Forces himself to hold Julie, lead her back to that gaol-barred iron bed. She's hardly there, no weight at all; pure wretched emotion and melting lumps of uneasy disease, poisonous with the need to be comforted, cossetted, appeased. She's dragging him down through the floor that is a hole, a portal to the worms and the earth and the dank dull smells of churches. Whispering now, demanding something; her expired voice is unnaturally forceful, harsh, an inaudible klaxon. "Would you, could you turn on the radio? It's so lonesome here, nothing to hear but yourself breathing."
She holds herself up by the headboard, half turned away from him, watching the street: three young mothers with black perambulators, respectable and firm and every one the same, living and breathing and walking alike. She is the centre of a nimbus, indistinguishable from the toxic rays of a sun Roentgen might have envied. "I watched for you in the street, Barry, watched all the afternoon. I thought you wouldn't come, wouldn't ever come with me so wasted up. You'd go to her, to her, she's alive and I'm stuck here with this damned - nothing."
Barry watches that narrow chest, her fish's chest, inflate; she will curse him, call down death and sorrow upon his uncomplicated workman's head.

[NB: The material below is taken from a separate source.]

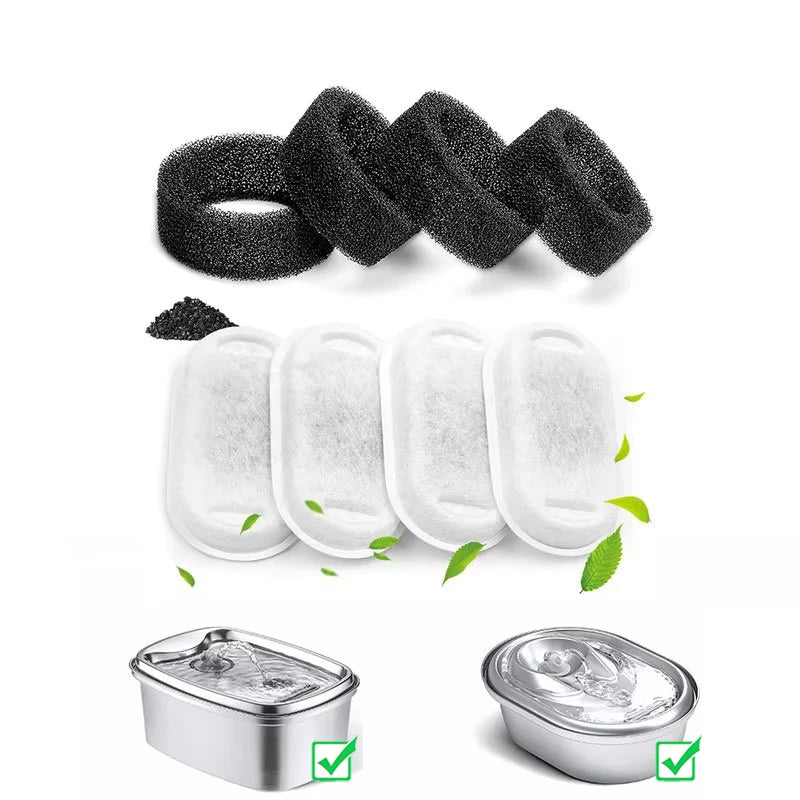4Pack Pet Replacement Sponges for 67oz/2L Flow Pet Water Fountain Stainless Steel Cat Water Fountain Filters Automatic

Curse her first; she will die anyway, and so much the better; twists his fingers together to stop his wicked urges to shake the spun-glass witch. "So what if I do go with her, eh? So what if I can't bloody stand to watch you die, die, and die hating me? You're over with, you're through; I'm alive and going to be alive when you and your bones and your hateful little mind are dust! Maybe I won't come tomorrow, did'ya think about that? You cried about it, cried to pass the time, that's what; really cry now because I'm gone, Julie. God help me, woman, I loved you, but I can't stand to see you die."
No answer from the window, only cold and clammy silence from the emaciated snow statue watching the windowpanes with exacting equanimity, circumspect and mathematical and wrenchingly false.

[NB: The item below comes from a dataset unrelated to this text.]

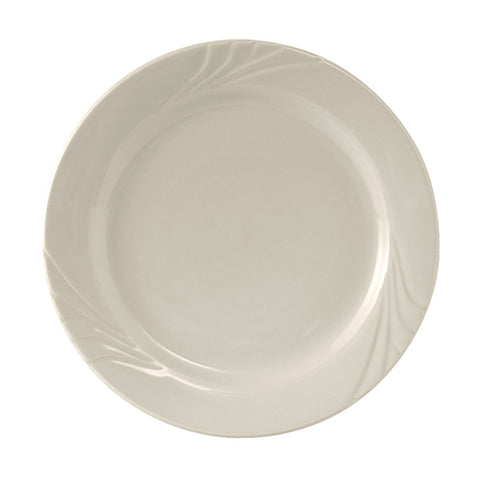 Tuxton China YEA-090 9" Round Monterey Plate - American White/Eggshell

Pantomime rhonchi, aptheoses of ausculations, slide through the doorway's safe haven. "Visiting hours are nearly done, Mr Casserly. I think it's best that you leave and allow Miss McCarthy to get some rest." A nurse, young, ruddy in the cheeks and stoically solid of body behind her hard-starch apron. Her eyes accusing and direct beneath that white student's cap are judge, jury, and executioner, convicting him of murder. She carries, like an especially apt and perverse proverb, a glass of water. Julie's eyes, invisibly fixed on the mothers with perambulators, pull the lever, drop the trapdoor, and snap his neck. I'm a fool, a murdering fool, in this sick room, this cool room. The unencumbered sun will be cheerful, painfully and insanely cheerful.
Outside, he can smell the sickness on his skin.